Lorsque le terrain le permet, les bâtiments sont disposés autour d'une cour et d'un cloître. Chaque moine dispose d'une cellule, c'est-à-dire d'une petite chambre. Il peut y lire et y étudier ; il y prend aussi le repos de la nuit. Un certain nombre de locaux sont à l'usage commun : cuisine, réfectoire, bibliothèque, etc.
Différents ateliers (menuiserie, garage, mécanique, reliure, imprimerie, etc.) existent, en nombre variable, dans le monastère lui-même, ou tout près.
La plupart des monastères ont aussi un jardin, un verger, une ferme qui, dans certains cas, peut avoir une grande importance.
Les moines du Mont-des-Oliviers, outre un jardin, un verger et quelques bêtes, ainsi que plusieurs des ateliers ci-dessus mentionnés, ont une petite exploitation de miel et fabriquent des cierges.
Cependant, le principal édifice du monastère, souvent le plus beau, et en tout cas son centre spirituel, est l'église. C'est là que le moine se rend avant le lever du jour, et plusieurs fois encore jusqu'au retour de la nuit, pour chanter la gloire de Dieu et le prier, « en présence des Anges » comme dit la Règle. L'Eglise rappelle sans cesse au moine que son principal office est la prière et que toute sa vie perd son sens s'il cesse de « chercher vraiment Dieu » par tout ce qu'il fait. Les églises des monastères ont été généralement construites dans le style de leur époque et avec les matériaux du pays, d'où une grande variété. Beaucoup sont fort belles car ceux qui les ont bâties voulaient qu'elles soient aussi dignes que possible d'un Dieu qui est toute Beauté en même temps que tout Amour.
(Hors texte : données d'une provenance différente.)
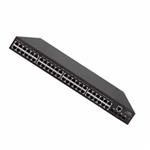 华三SFP-XG-LX-SM1310-A 48口以太网交换机
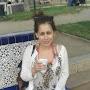 @luzvillanueva7708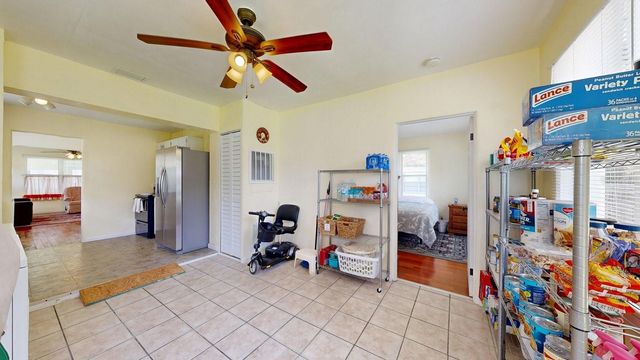 125 N CAROLINE STREET, Daytona Beach, FL 32114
« Que nul ne cherche ce qu’il juge devoir lui être avantageux, mais plutôt ce qui l’est aux autres. »
« Qu’ils acquittent la dette de la charité fraternelle en toute pureté.»
Règle de St Benoît

La fabrication de miel: C'est dans cette fabrique de miel traditionnelle qu'elle se réalise.

Devenir moine

Un monastère est une école du service du Seigneur. Dans cette école, les moines apprennent à servir Dieu, c'est-à-dire à vivre chaque jour un peu mieux comme le demande l'Evangile : ceci est en réalité le programme de tout baptisé, de tout chrétien.
Et, de fait, les moines n'ont pas d'autre BUT que celui de tous les chrétiens. Simplement, ils sont appelés par Dieu à prendre des MOYENS différents.
Quels sont donc ces moyens ? : une vie de communauté, une règle qui organise toutes choses pour que, dans le travail, le silence et surtout la prière, le monde, aidé de ses frères, rencontre Dieu.
Les moines vivent parfois seuls : ce sont alors des ermites ; mais ordinairement ils se réunissent en communauté, et celle-ci devient une vraie famille. La vie de cette famille est organisée par une Règle ; et cette Règle donne une belle définition du moine en disant qu'il est:
UN HOMME QUI CHERCHE VRAIMENT DIEU.
Elle dit encore au moine qu'il doit se rappeler chaque jour que c'est pour cela qu'il est venu au monastère. Il est venu pour Dieu, parce qu'il a compris que Dieu est si beau, si bon, si digne de notre amour, que, désormais, il ne peut plus faire autre chose que se donner tout entier à lui. Et il sait qu'en se donnant tout entier à lui il n'abandonne pas ses frères les hommes car celui qui se donne à Dieu profite à la famille humaine tout entière.
Cet idéal, on le voit, est grand et noble, et depuis bien des siècles il a enthousiasmé le coeur des hommes, de tout âge, de toute condition et de tout pays. Mais la Règle ajoute, avec sagesse, que c'est un idéal exigeant et que, pour le réaliser, il faut avant tout s'appuyer sur l'aide de Dieu. C'est bien ce que le Christ Jésus disait dans l'Evangile : « Sans moi vous ne pouvez rien faire ». Mais, ajoute saint Paul, avec l'aide de celui qui est ma force, je peux tout ! Le moine vient donc chercher Dieu au monastère, il vient se donner tout entier, et il sait que c'est dans ce don généreux et fécond qu'il trouvera la vraie joie.